Dividend paid out in shares - where you add the received quantity, alongside any cash residue right in the dividend transaction
Automatic dividend reinvestment, where for each generated dividend transaction, a BUY is added as well. I think Buy is more appropriate, as you reinvest the money from a dividend, while Transfer is more applicable in the first case, where you receive the stock as part of the dividend.
Also, the Buy won’t be added if there’s already a Buy with the same date and quantity.
I can also see the reasoning for listing it as a BUY transaction. How does either option (buy vs transfer) impact the Invested Principal? My thought was that I viewed that IP metric as the amount of cash I have put into my portfolio. The DRIP is investment generated rather than new cash.
I think I am convinced I should record the purchase of DRIP shares as a BUY. But asking further questions to make sure the accounting is clear in my head.
Both work exactly the same - they increase the quantity of what you hold, and the invested money (cost-basis) is included in the principal.
I think that DRIP still increases your IP. If not for reinvestment, you would hold that cash in hand - it didn’t come from nowhere.
The only distinction in C for Buy & Transfer is at the taxes level. All tax presets look only at the Buy & Sell, as transfers generally don’t have tax implications.
You can now see & edit the Payment Date for a dividend. If you’re using taxes, the dividend tax will be applied on the payment date, instead of a regular one.
If you manually added or imported an income transaction, it will suppress creating an automatic one, if the transaction’s date is anywhere between the ex-date and 2 weeks after the payment date. Previously the date had to be exactly the same.
You can now receive dividends or interest in shares (and residual cash). Such dividends will increase your asset position, but won’t currently change your cash position (they will in the future). The cost-basis is value - taxPaid - cash received.
You can now disable automatic dividend handling per asset, account or position.

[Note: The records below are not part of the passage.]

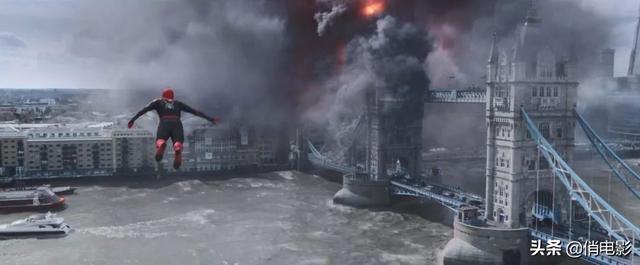 复联4终局之战蜘蛛侠救场(蜘蛛侠2预告片帮忙解密)(5)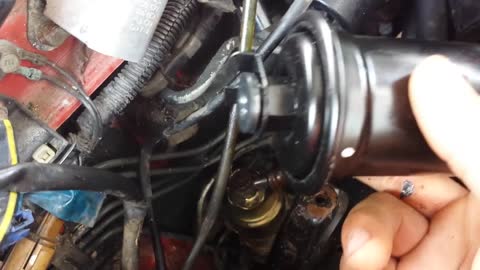Fuel Filter Replacement 3000gt VR4
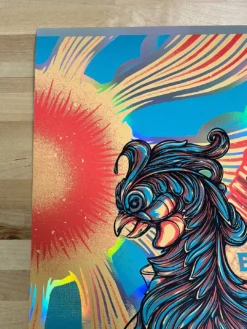 Greensky Bluegrass - 2022 Half Hazard Poster FOIL Red Rocks Morrison, CO -Art Poster Store image 5a4c706f a0af 4cd9 b141 32b84a86eeda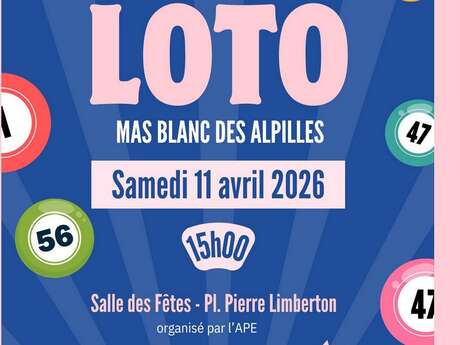 Loto in Mas Blanc les Alpilles
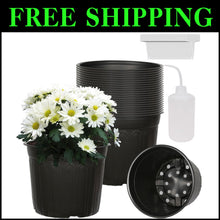 Load image into Gallery viewer, Versatile 3 Gallon Plant Containers with Labels - Ideal for Seedlings &amp; Cuttings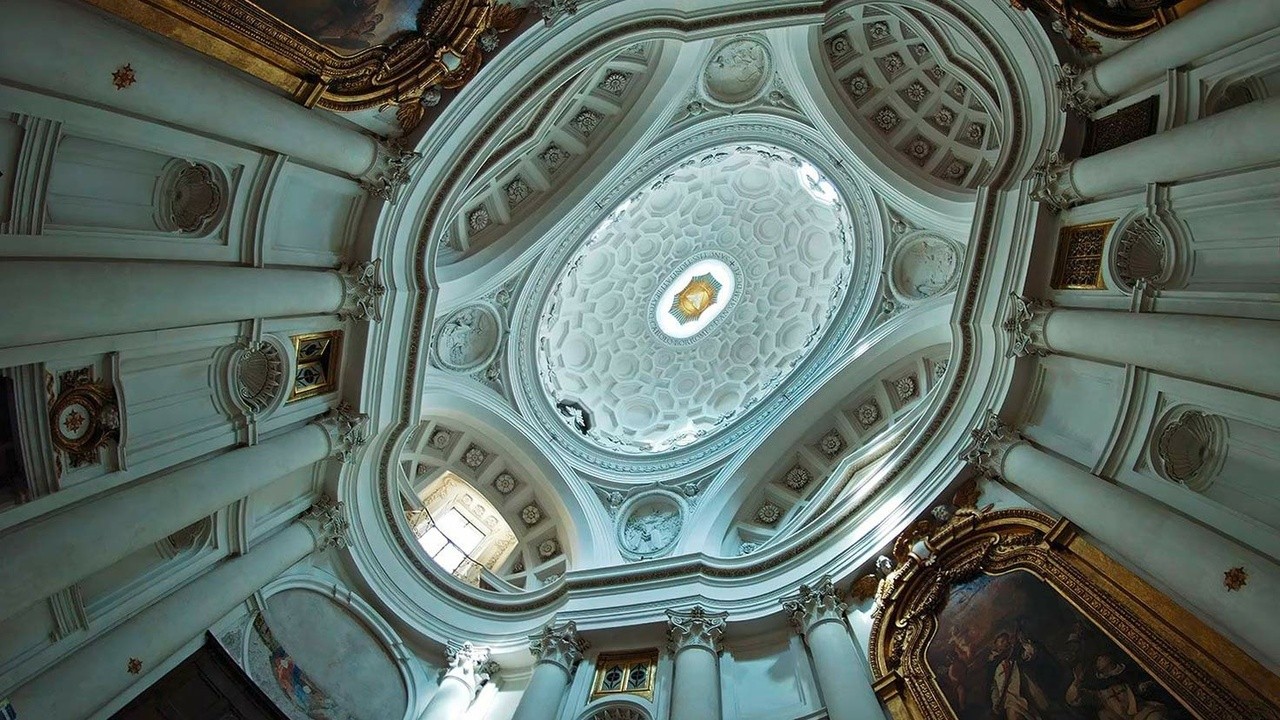 Borromini and Bernini. The Challenge for Perfection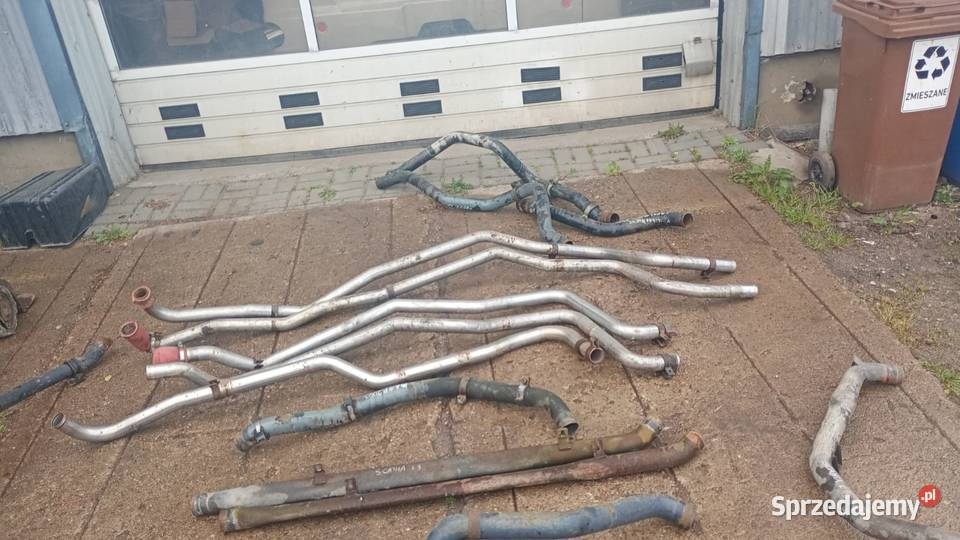 Rura przewód wodny retardera mercedes renault Mojusz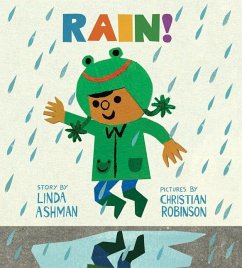 Rain! Board Book - Ashman, Linda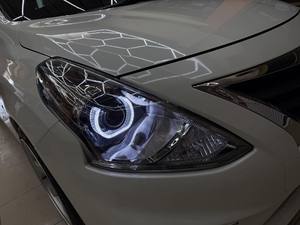 LED 프로젝터 렌즈 HID 제논 헤드라이트 엔젤 아이 / 헤일로 링 개조 헤드라이트 자동차 헤드라이트 (버사용) - Product Image 1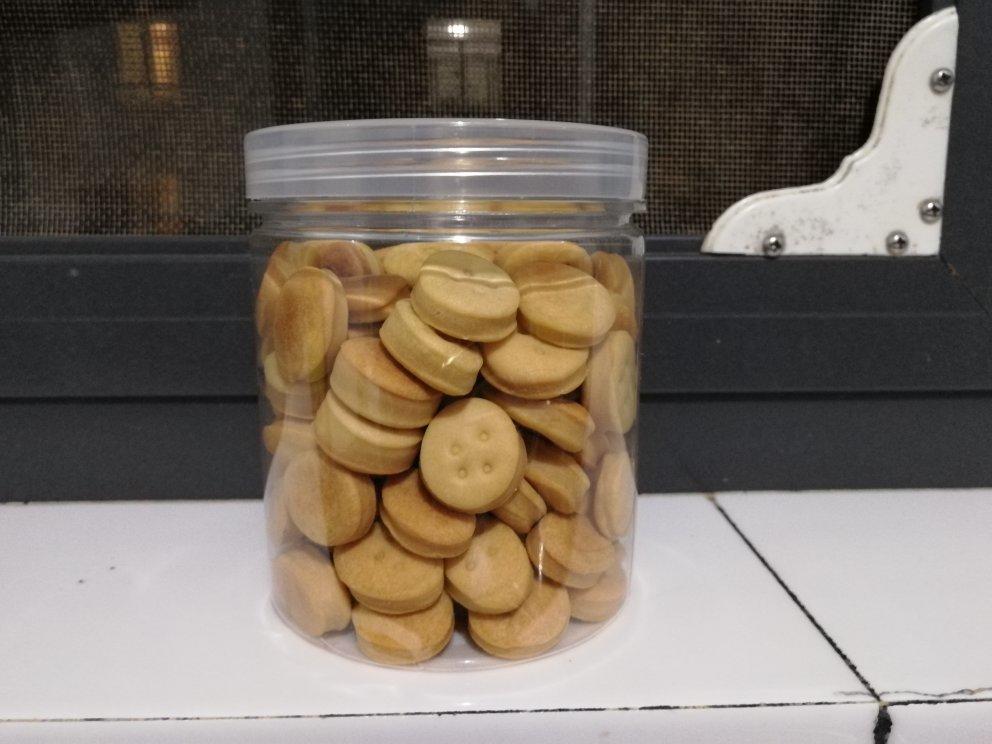 纽扣饼干┃萌到没朋友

You can also enable automatic reinvestment, including discounts - which can be used to model DRIP accounts.
You can also set tags on specific positions - helpful if you have the same asset on two accounts and you want to differentiate them with tags.

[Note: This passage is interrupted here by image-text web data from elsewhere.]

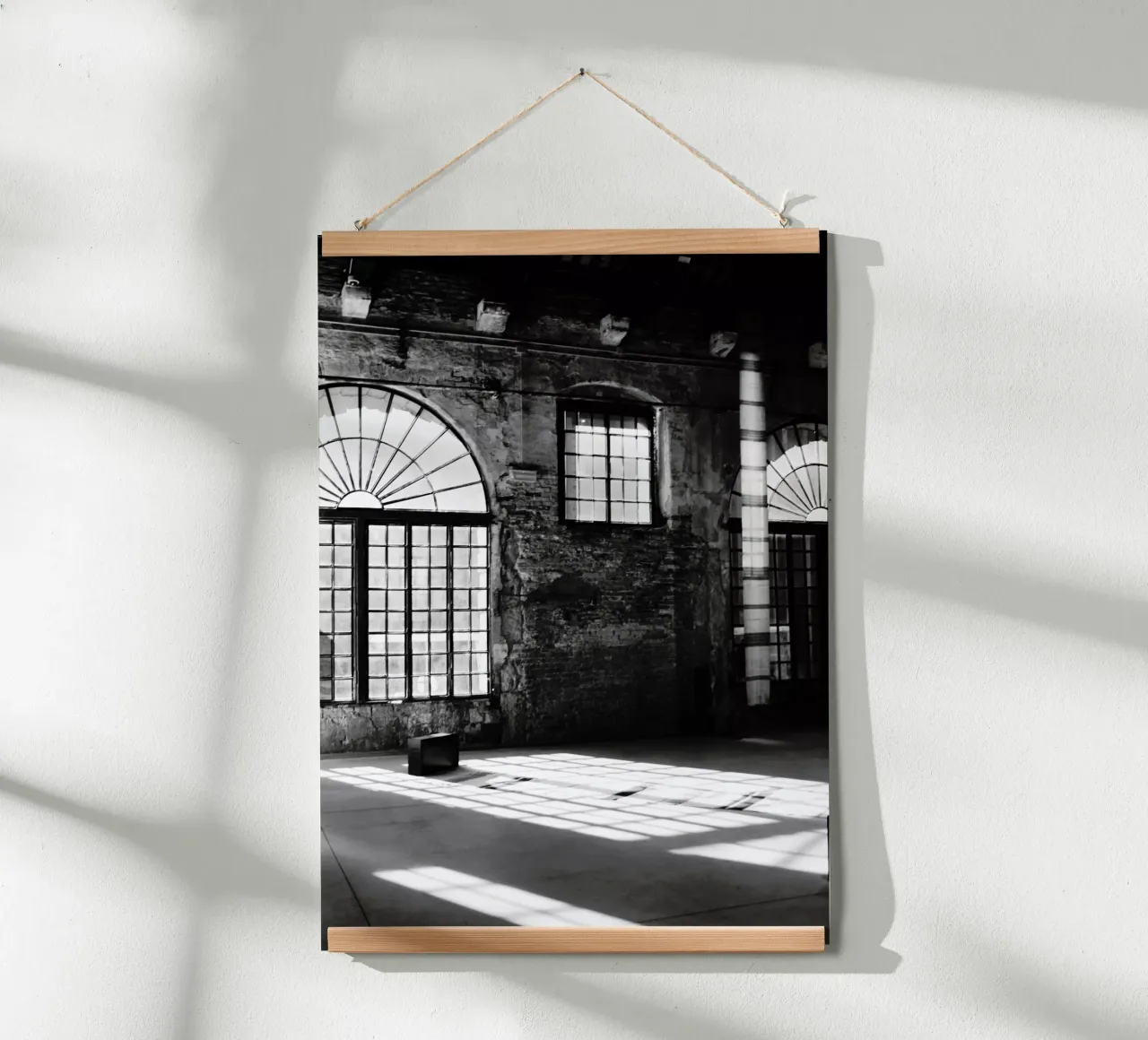 Finestre poster con telaio in legno da eyes & tries
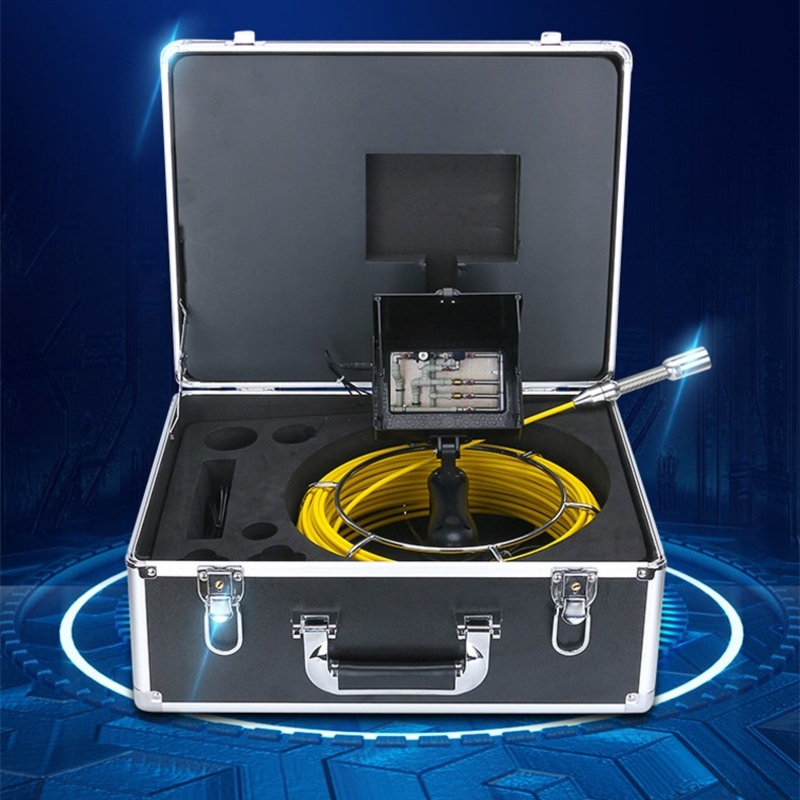 Camera nội soi kiểm tra đường ống xây dựng IK 801 kèm màn hình lớn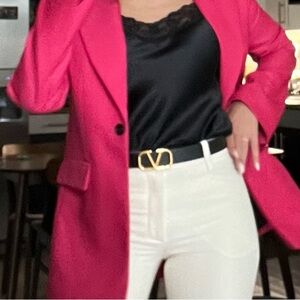 VLOGO Reversible Leather Belt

You can now check all upcoming dividends - both in Transactions list and in the metrics & charts. Just select a future date as your date period, like +1y or -1y +1y or max +1y, or 2023 2025 and so on.

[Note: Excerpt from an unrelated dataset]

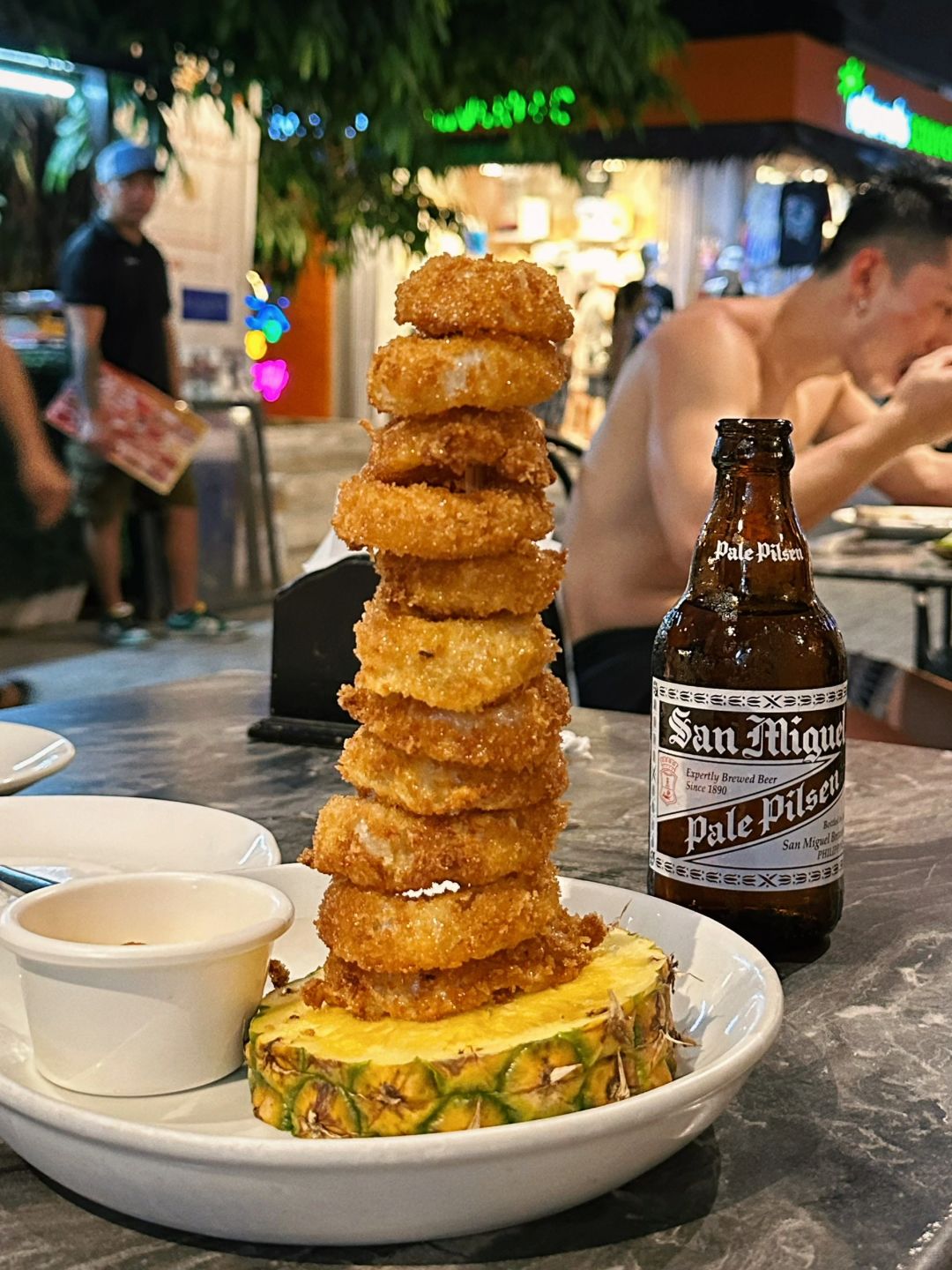 Boracay-Boracay S2dmall I Love Backyard BBQ Restaurant?, recommended seafood platter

Incomplete/estimated data will be marked as such on the charts
Future income is now estimated based on the past income events - both within your project and market history. It’s enough to use a future date period to enable it, like +1y or 2024 or -1y +10y
There are additional columns available for Assets: Income growth, cadence and streak
You can group income chart by Income type (div, rent, interest) and Status (paid, executed, upcoming, estimated)
Estimation engine is pretty sophisticated, but might need some calibration. It will detect multiple series of income events per asset, like quarterly dividends + yearly special dividends and will estimate their future events separately. Income metrics will be provided as an aggregate for both series in this case.
Estimation works for dividends and rent only. Dividends are estimated at price-per-share level, so DRIP will work as well. Rent is estimated at the value level (as you rather don’t buy/sell parts of the house).
It’s enough to have three Income events at the same order of magnitude to detect a cadence. Future income events will be estimated if the last event is not delayed by more than a month - so for example if you stop receiving a monthly rent, 2 months have to pass since the last for Capitally to stop estimating future income from that flat.